Complotiste, la rédaction de «Libération» ? Non, monsieur le ministre

Procès de l'attentat du 14 juillet de Nicedossier
Réponse aux propos de Bernard Cazeneuve qui a mis en cause les journalistes de «Libé» après notre enquête portant sur le dispositif de sécurité lors de attentat de Nice.
par Johan Hufnagel
publié le 21 juillet 2016 à 13h11

Bernard Cazeneuve, votre réponse à l'enquête de Libération n'a pas tardé. Hors de propos.
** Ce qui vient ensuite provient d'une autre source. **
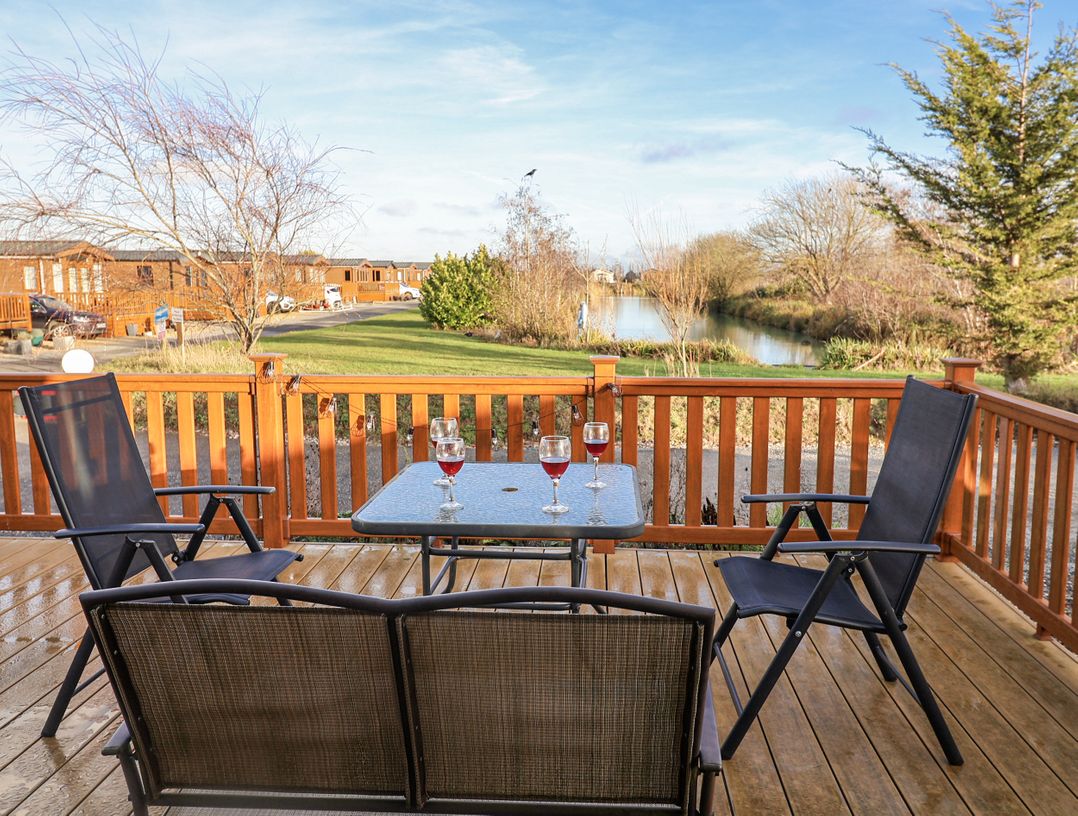 Fern Lodge with Hot Tub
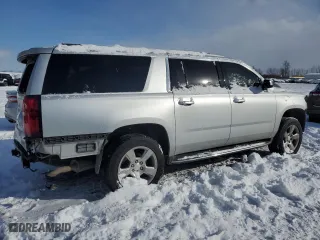 2017 Chevrolet Suburban Premier with VIN 1GNSKJKC9HR178083, listed as a Copart auction lot 45361595 with 118,823 mi miles and Clean Title. Bid and sale history available at carsss.com. Image 3.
Vous mettez en cause «la déontologie des journalistes qui ont signé ces articles» et dénoncez des «procédés qui empruntent aux ressorts du complotisme, [et] sont graves, car ils laissent penser que le préfet des Alpes-Maritimes, le ministre de l'Intérieur et le Premier ministre auraient cherché à travestir la vérité». Non, monsieur le Ministre, les journalistes de Libération n'ont pas versé dans le complotisme.

Ils n'ont fait que leur travail, dans le plus grand respect de la déontologie : enquêter sur des faits ; débusquer les contradictions dans le flot des déclarations ; recouper les informations ; poser des questions ; donner la parole à tous, y compris ceux qui ont été mis en cause. Ce travail, vous savez que nous l'avons fait puisque nous avons été en contact toute la journée de mercredi avec vos services.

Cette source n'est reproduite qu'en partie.